Randall Jackson, the lead lawyer for the plaintiff, said his team was “pleased that the jury agreed that we proved that our client's vehicle was defective, that it was unreasonably dangerous, and that GM failed to use reasonable care to provide an adequate warning of that danger to consumers, including our clients.”
“In a case that was selected by GM as their first bellwether, the jury was still able to look objectively at the proof and arrive at these findings, despite GM's arguments to the contrary. We think that the jury's findings are a victory for consumers and will advance the cause of all of the plaintiffs in the (multi-district litigation).”
Pretrial rulings
The trial tilted in GM's favor even before the jury began deliberating. U.S. District Judge Jesse Furman threw out the plaintiffs' key fraud claim against GM this week at the end of witness testimony, saying Ms. Spain hadn't presented enough evidence to show that the company made false or misleading statements to her about the defect. He rejected other claims before the trial, including a demand for punitive damages.
GM, which recalled millions of vehicles over the flaw in 2014, admitted using defective ignition switches for years and hiding it from customers and regulators. But the company is challenging suits that it believes wrongfully blame the flaw for crashes, injuries and deaths.
The car maker has already paid out more than $2 billion to resolve legal issues stemming from the scandal, including $900 million to end a criminal probe by the U.S. government; $575 million to settle a shareholder suit and more than 1,380 civil cases by victims; and $595 million through a victims' compensation fund outside of court.
$1 fix
When the defect was discovered, it could have been fixed by spending $1 on each vehicle, prosecutors said.
Ms. Spain and her passenger, Lawrence Barthelemy, suffered only minor injuries in the New Orleans crash and didn't report other health problems until weeks later, GM attorney Mike Brock said in his opening statement to jurors on March 14. The attorney also said the vehicle suffered only scratches.
“This is a case about a car that doesn't even have a dent,” Mr. Brock, of Kirkland & Ellis L.L.P. in Washington, said at the trial. “This car is not the villain in this case.”
Moreover, Mr. Brock said, the crash was caused by an ice storm that was responsible for dozens of accidents on the same bridge that night. Even the police cruiser that responded to the crashes was rear-ended by an ambulance near the site of the pileup, the jury was told.
Accidents happen
“Sometimes, accidents just happen,” Mr. Brock said at the trial.
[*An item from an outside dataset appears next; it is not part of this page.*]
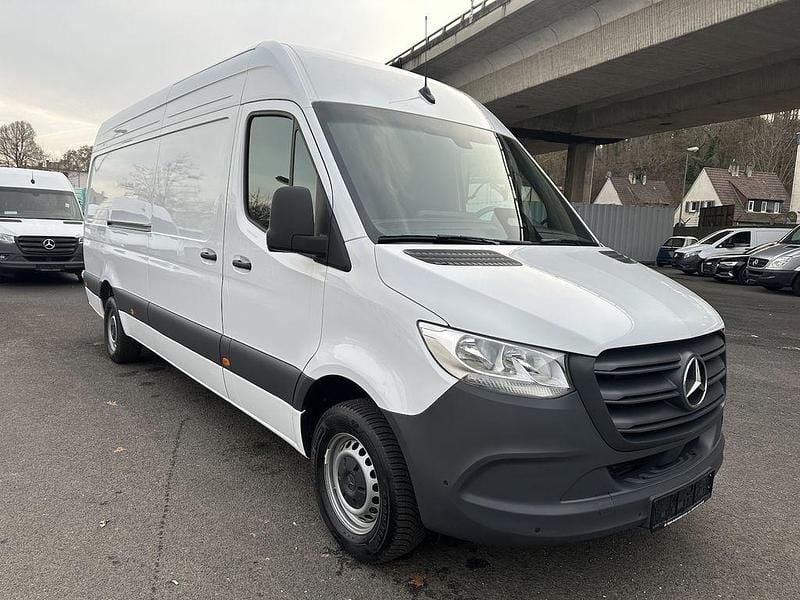 Gebraucht Mercedes Sprinter 170 PS (125 kW) 2024 Arktikweiss Van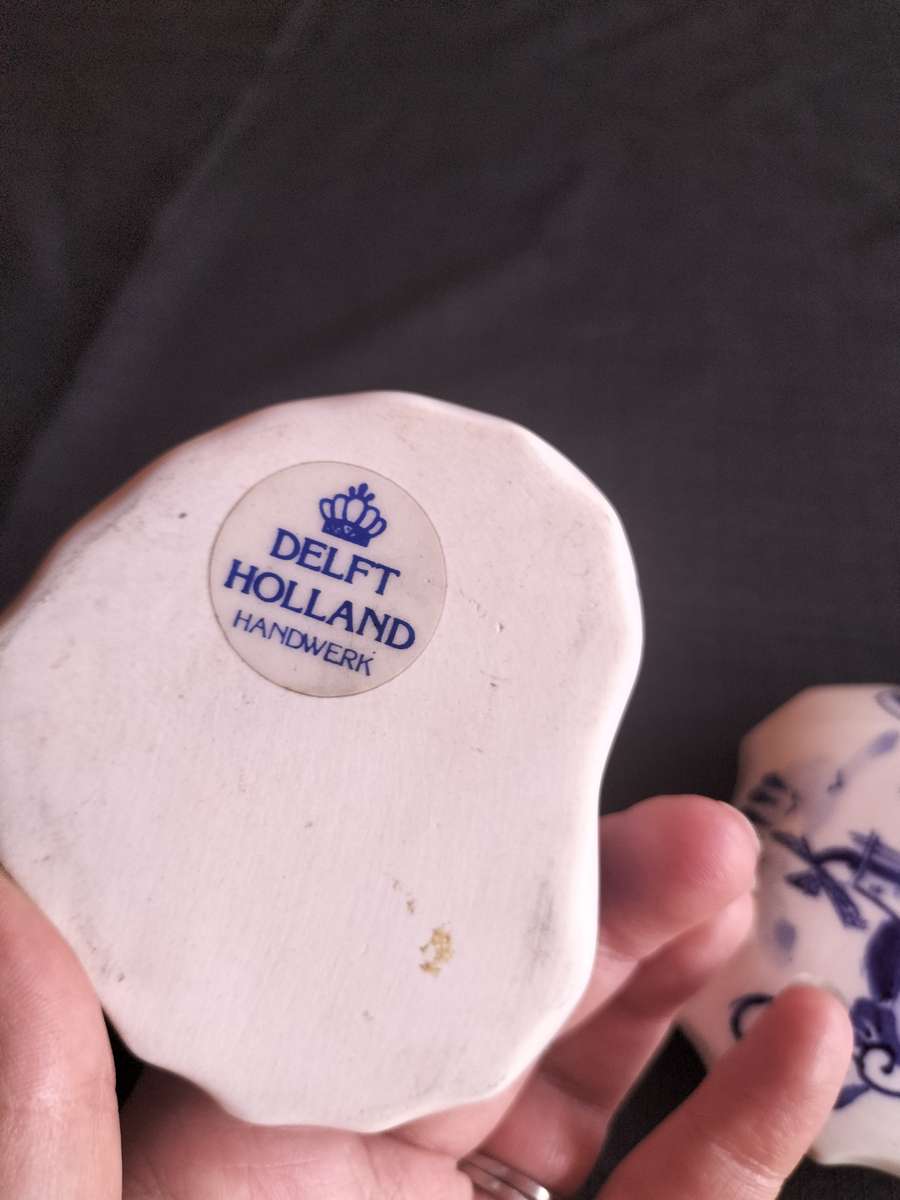 Vintage Hand-Painted Delft Blue Ceramic Heart Trinket or Juwelry Box from Holland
GM also argued that Ms. Spain's injuries, reported weeks after the crash, weren't caused by the accident but rather were work-related. The car maker told jurors that Mr. Barthelemy's back pain was the result of sitting in jail for several days for an unrelated traffic violation, rather than the crash.
The first bellwether, selected by the plaintiffs, ended in embarrassment for their lawyers, who are among the best-known attorneys in the industry. That trial ended abruptly midstream when GM revealed evidence that the plaintiffs, an Oklahoma couple, had lied under oath and wrongfully blamed GM for the family's eviction from their “dream house.”
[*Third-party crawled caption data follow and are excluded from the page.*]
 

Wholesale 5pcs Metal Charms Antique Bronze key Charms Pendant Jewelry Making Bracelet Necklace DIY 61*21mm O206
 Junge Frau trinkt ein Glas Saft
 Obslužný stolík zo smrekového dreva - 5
Plaintiffs in all the cases allege GM endangered drivers and passengers by delaying the recall of defective vehicles. Due to a weakness in the design of ignition switches, jostled keys or a bump from a knee could shut off the engine, disable power steering, power brakes and airbags and leave occupants nearly helpless as vehicles careen out of control.
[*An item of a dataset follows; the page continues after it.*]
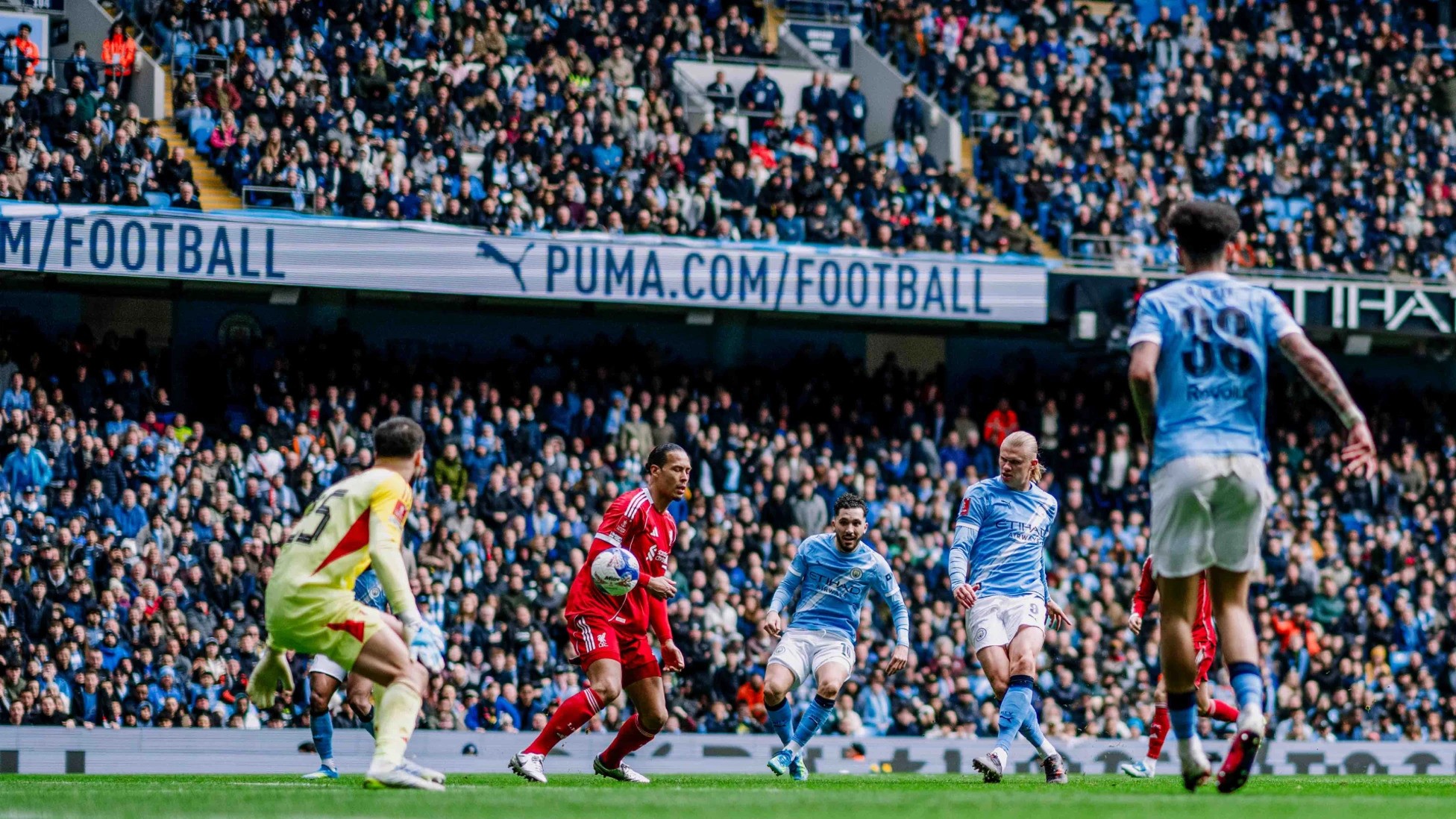 Dipermalukan Manchester City 4-0, Fans Liverpool Tinggalkan Etihad sebelum Laga Berakhir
GM has said top executives didn't know the switch was a persistent problem, but in the Justice Department settlement the company admitted knowing about the defect by 2005 and concealing it from regulators from 2012 to 2014. Knowledge of the defect was established before the company's $49.5 billion government bailout in 2009, and the concealment continued after the company's sale to “New GM” as part of a bankruptcy reorganization.
The company is separately awaiting an appeals court ruling in a group of cases in which plaintiffs had their cases rejected as a result of the bankruptcy sale. GM argues it was shielded from the suits by bankruptcy law. GM, which received in a 2009 government bailout, was able to dodge the cases because the sale barred litigation against the “old” entity, even though new entity employed many of the same employees and executives.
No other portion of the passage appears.